Brief descriptive captions.
::::::

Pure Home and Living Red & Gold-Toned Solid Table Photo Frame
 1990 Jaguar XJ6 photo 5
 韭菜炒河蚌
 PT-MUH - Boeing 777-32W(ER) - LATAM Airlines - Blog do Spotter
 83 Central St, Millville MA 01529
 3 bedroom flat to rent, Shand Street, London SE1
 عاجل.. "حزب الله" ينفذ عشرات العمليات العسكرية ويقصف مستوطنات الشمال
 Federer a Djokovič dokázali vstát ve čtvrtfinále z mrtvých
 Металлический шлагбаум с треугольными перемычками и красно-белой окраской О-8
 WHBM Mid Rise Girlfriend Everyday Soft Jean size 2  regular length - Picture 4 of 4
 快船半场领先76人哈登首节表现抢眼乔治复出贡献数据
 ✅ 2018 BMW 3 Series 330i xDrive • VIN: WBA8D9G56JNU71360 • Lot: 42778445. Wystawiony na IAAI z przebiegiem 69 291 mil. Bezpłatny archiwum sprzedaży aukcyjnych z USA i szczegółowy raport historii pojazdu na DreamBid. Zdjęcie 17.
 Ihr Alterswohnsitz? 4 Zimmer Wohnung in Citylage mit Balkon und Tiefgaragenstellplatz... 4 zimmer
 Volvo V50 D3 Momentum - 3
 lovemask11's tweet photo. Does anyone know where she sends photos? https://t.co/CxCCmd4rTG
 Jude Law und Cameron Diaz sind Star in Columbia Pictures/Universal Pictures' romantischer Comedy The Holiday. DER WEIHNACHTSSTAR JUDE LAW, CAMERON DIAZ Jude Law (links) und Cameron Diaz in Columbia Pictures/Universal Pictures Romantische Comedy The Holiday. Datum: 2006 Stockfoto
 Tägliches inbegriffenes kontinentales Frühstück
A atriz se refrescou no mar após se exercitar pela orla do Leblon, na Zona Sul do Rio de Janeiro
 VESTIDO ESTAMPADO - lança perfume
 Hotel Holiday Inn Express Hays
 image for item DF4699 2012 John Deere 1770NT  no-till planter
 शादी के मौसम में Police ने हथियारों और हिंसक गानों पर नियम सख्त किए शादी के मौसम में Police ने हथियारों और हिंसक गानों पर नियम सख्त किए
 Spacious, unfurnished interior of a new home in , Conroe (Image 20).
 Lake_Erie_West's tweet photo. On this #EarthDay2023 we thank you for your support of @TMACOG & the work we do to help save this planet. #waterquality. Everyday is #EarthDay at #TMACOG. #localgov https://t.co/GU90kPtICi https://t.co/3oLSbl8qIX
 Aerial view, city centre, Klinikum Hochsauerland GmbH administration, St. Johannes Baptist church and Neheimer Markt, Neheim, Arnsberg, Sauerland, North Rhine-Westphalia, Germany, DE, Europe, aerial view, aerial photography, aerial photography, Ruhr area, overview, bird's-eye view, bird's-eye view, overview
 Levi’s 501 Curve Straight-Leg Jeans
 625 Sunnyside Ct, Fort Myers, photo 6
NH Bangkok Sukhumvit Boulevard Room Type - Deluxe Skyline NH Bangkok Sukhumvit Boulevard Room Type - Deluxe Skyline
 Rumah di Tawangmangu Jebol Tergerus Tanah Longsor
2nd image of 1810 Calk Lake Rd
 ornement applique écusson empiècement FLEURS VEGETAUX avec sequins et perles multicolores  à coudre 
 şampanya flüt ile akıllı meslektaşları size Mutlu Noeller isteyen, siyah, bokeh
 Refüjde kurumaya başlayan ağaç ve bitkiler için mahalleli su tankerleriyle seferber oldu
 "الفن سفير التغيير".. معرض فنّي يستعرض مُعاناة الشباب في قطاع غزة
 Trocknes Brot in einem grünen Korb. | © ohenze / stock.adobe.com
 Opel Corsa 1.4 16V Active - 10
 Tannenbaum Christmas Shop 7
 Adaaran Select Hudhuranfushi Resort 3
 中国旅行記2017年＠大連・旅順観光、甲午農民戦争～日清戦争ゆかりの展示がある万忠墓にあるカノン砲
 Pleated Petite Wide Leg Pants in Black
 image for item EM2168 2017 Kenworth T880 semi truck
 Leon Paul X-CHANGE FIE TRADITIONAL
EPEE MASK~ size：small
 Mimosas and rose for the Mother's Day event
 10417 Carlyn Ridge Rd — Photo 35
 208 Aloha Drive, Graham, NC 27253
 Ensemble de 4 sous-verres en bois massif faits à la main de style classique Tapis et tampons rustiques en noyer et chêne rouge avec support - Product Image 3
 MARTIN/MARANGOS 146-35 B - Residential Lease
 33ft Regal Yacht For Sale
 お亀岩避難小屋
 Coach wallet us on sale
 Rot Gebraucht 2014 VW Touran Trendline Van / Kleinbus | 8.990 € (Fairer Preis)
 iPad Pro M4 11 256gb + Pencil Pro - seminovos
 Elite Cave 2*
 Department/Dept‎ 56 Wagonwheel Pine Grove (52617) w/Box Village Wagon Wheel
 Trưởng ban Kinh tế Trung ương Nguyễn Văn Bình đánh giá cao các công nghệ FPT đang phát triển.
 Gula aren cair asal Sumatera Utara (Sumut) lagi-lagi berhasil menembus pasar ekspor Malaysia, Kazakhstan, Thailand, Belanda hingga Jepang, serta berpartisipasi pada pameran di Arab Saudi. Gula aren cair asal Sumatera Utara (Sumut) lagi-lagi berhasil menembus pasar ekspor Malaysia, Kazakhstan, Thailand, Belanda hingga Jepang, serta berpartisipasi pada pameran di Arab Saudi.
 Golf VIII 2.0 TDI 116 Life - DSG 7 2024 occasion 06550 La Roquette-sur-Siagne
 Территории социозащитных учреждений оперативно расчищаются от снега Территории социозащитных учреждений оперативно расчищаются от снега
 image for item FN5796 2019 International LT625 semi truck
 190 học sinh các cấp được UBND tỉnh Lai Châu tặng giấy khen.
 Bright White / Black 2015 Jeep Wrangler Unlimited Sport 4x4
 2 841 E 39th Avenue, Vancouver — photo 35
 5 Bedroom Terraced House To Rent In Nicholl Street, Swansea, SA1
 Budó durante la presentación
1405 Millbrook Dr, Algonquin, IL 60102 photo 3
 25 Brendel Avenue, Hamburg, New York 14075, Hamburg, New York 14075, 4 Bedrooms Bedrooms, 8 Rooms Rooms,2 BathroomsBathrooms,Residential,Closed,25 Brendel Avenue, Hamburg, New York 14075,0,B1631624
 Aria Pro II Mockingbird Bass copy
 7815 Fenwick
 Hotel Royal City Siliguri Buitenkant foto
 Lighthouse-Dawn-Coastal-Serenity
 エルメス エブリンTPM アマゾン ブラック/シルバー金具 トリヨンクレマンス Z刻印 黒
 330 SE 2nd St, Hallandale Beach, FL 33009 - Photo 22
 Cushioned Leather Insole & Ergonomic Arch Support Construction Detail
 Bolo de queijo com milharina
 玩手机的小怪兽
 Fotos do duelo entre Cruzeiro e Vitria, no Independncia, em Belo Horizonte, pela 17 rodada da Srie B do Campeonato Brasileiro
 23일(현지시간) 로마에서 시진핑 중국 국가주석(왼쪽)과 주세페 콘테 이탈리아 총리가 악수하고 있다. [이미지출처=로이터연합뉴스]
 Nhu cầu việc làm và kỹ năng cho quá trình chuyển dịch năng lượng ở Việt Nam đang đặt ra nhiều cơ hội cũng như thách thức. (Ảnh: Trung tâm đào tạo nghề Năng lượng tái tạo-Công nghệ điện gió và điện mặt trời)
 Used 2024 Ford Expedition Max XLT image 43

::::::

Work instruction. What is needed is a word-for-word restatement of all the data.

Result of the exercise.
Pure Home and Living Red & Gold-Toned Solid Table Photo Frame
 1990 Jaguar XJ6 photo 5
 韭菜炒河蚌
 PT-MUH - Boeing 777-32W(ER) - LATAM Airlines - Blog do Spotter
 83 Central St, Millville MA 01529
 3 bedroom flat to rent, Shand Street, London SE1
 عاجل.. "حزب الله" ينفذ عشرات العمليات العسكرية ويقصف مستوطنات الشمال
 Federer a Djokovič dokázali vstát ve čtvrtfinále z mrtvých
 Металлический шлагбаум с треугольными перемычками и красно-белой окраской О-8
 WHBM Mid Rise Girlfriend Everyday Soft Jean size 2  regular length - Picture 4 of 4
 快船半场领先76人哈登首节表现抢眼乔治复出贡献数据
 ✅ 2018 BMW 3 Series 330i xDrive • VIN: WBA8D9G56JNU71360 • Lot: 42778445. Wystawiony na IAAI z przebiegiem 69 291 mil. Bezpłatny archiwum sprzedaży aukcyjnych z USA i szczegółowy raport historii pojazdu na DreamBid. Zdjęcie 17.
 Ihr Alterswohnsitz? 4 Zimmer Wohnung in Citylage mit Balkon und Tiefgaragenstellplatz... 4 zimmer
 Volvo V50 D3 Momentum - 3
 lovemask11's tweet photo. Does anyone know where she sends photos? https://t.co/CxCCmd4rTG
 Jude Law und Cameron Diaz sind Star in Columbia Pictures/Universal Pictures' romantischer Comedy The Holiday. DER WEIHNACHTSSTAR JUDE LAW, CAMERON DIAZ Jude Law (links) und Cameron Diaz in Columbia Pictures/Universal Pictures Romantische Comedy The Holiday. Datum: 2006 Stockfoto
 Tägliches inbegriffenes kontinentales Frühstück
A atriz se refrescou no mar após se exercitar pela orla do Leblon, na Zona Sul do Rio de Janeiro
 VESTIDO ESTAMPADO - lança perfume
 Hotel Holiday Inn Express Hays
 image for item DF4699 2012 John Deere 1770NT  no-till planter
 शादी के मौसम में Police ने हथियारों और हिंसक गानों पर नियम सख्त किए शादी के मौसम में Police ने हथियारों और हिंसक गानों पर नियम सख्त किए
 Spacious, unfurnished interior of a new home in , Conroe (Image 20).
 Lake_Erie_West's tweet photo. On this #EarthDay2023 we thank you for your support of @TMACOG & the work we do to help save this planet. #waterquality. Everyday is #EarthDay at #TMACOG. #localgov https://t.co/GU90kPtICi https://t.co/3oLSbl8qIX
 Aerial view, city centre, Klinikum Hochsauerland GmbH administration, St. Johannes Baptist church and Neheimer Markt, Neheim, Arnsberg, Sauerland, North Rhine-Westphalia, Germany, DE, Europe, aerial view, aerial photography, aerial photography, Ruhr area, overview, bird's-eye view, bird's-eye view, overview
 Levi’s 501 Curve Straight-Leg Jeans
 625 Sunnyside Ct, Fort Myers, photo 6
NH Bangkok Sukhumvit Boulevard Room Type - Deluxe Skyline NH Bangkok Sukhumvit Boulevard Room Type - Deluxe Skyline
 Rumah di Tawangmangu Jebol Tergerus Tanah Longsor
2nd image of 1810 Calk Lake Rd
 ornement applique écusson empiècement FLEURS VEGETAUX avec sequins et perles multicolores  à coudre 
 şampanya flüt ile akıllı meslektaşları size Mutlu Noeller isteyen, siyah, bokeh
 Refüjde kurumaya başlayan ağaç ve bitkiler için mahalleli su tankerleriyle seferber oldu
 "الفن سفير التغيير".. معرض فنّي يستعرض مُعاناة الشباب في قطاع غزة
 Trocknes Brot in einem grünen Korb. | © ohenze / stock.adobe.com
 Opel Corsa 1.4 16V Active - 10
 Tannenbaum Christmas Shop 7
 Adaaran Select Hudhuranfushi Resort 3
 中国旅行記2017年＠大連・旅順観光、甲午農民戦争～日清戦争ゆかりの展示がある万忠墓にあるカノン砲
 Pleated Petite Wide Leg Pants in Black
 image for item EM2168 2017 Kenworth T880 semi truck
 Leon Paul X-CHANGE FIE TRADITIONAL
EPEE MASK~ size：small
 Mimosas and rose for the Mother's Day event
 10417 Carlyn Ridge Rd — Photo 35
 208 Aloha Drive, Graham, NC 27253
 Ensemble de 4 sous-verres en bois massif faits à la main de style classique Tapis et tampons rustiques en noyer et chêne rouge avec support - Product Image 3
 MARTIN/MARANGOS 146-35 B - Residential Lease
 33ft Regal Yacht For Sale
 お亀岩避難小屋
 Coach wallet us on sale
 Rot Gebraucht 2014 VW Touran Trendline Van / Kleinbus | 8.990 € (Fairer Preis)
 iPad Pro M4 11 256gb + Pencil Pro - seminovos
 Elite Cave 2*
 Department/Dept‎ 56 Wagonwheel Pine Grove (52617) w/Box Village Wagon Wheel
 Trưởng ban Kinh tế Trung ương Nguyễn Văn Bình đánh giá cao các công nghệ FPT đang phát triển.
 Gula aren cair asal Sumatera Utara (Sumut) lagi-lagi berhasil menembus pasar ekspor Malaysia, Kazakhstan, Thailand, Belanda hingga Jepang, serta berpartisipasi pada pameran di Arab Saudi. Gula aren cair asal Sumatera Utara (Sumut) lagi-lagi berhasil menembus pasar ekspor Malaysia, Kazakhstan, Thailand, Belanda hingga Jepang, serta berpartisipasi pada pameran di Arab Saudi.
 Golf VIII 2.0 TDI 116 Life - DSG 7 2024 occasion 06550 La Roquette-sur-Siagne
 Территории социозащитных учреждений оперативно расчищаются от снега Территории социозащитных учреждений оперативно расчищаются от снега
 image for item FN5796 2019 International LT625 semi truck
 190 học sinh các cấp được UBND tỉnh Lai Châu tặng giấy khen.
 Bright White / Black 2015 Jeep Wrangler Unlimited Sport 4x4
 2 841 E 39th Avenue, Vancouver — photo 35
 5 Bedroom Terraced House To Rent In Nicholl Street, Swansea, SA1
 Budó durante la presentación
1405 Millbrook Dr, Algonquin, IL 60102 photo 3
 25 Brendel Avenue, Hamburg, New York 14075, Hamburg, New York 14075, 4 Bedrooms Bedrooms, 8 Rooms Rooms,2 BathroomsBathrooms,Residential,Closed,25 Brendel Avenue, Hamburg, New York 14075,0,B1631624
 Aria Pro II Mockingbird Bass copy
 7815 Fenwick
 Hotel Royal City Siliguri Buitenkant foto
 Lighthouse-Dawn-Coastal-Serenity
 エルメス エブリンTPM アマゾン ブラック/シルバー金具 トリヨンクレマンス Z刻印 黒
 330 SE 2nd St, Hallandale Beach, FL 33009 - Photo 22
 Cushioned Leather Insole & Ergonomic Arch Support Construction Detail
 Bolo de queijo com milharina
 玩手机的小怪兽
 Fotos do duelo entre Cruzeiro e Vitria, no Independncia, em Belo Horizonte, pela 17 rodada da Srie B do Campeonato Brasileiro
 23일(현지시간) 로마에서 시진핑 중국 국가주석(왼쪽)과 주세페 콘테 이탈리아 총리가 악수하고 있다. [이미지출처=로이터연합뉴스]
 Nhu cầu việc làm và kỹ năng cho quá trình chuyển dịch năng lượng ở Việt Nam đang đặt ra nhiều cơ hội cũng như thách thức. (Ảnh: Trung tâm đào tạo nghề Năng lượng tái tạo-Công nghệ điện gió và điện mặt trời)
 Used 2024 Ford Expedition Max XLT image 43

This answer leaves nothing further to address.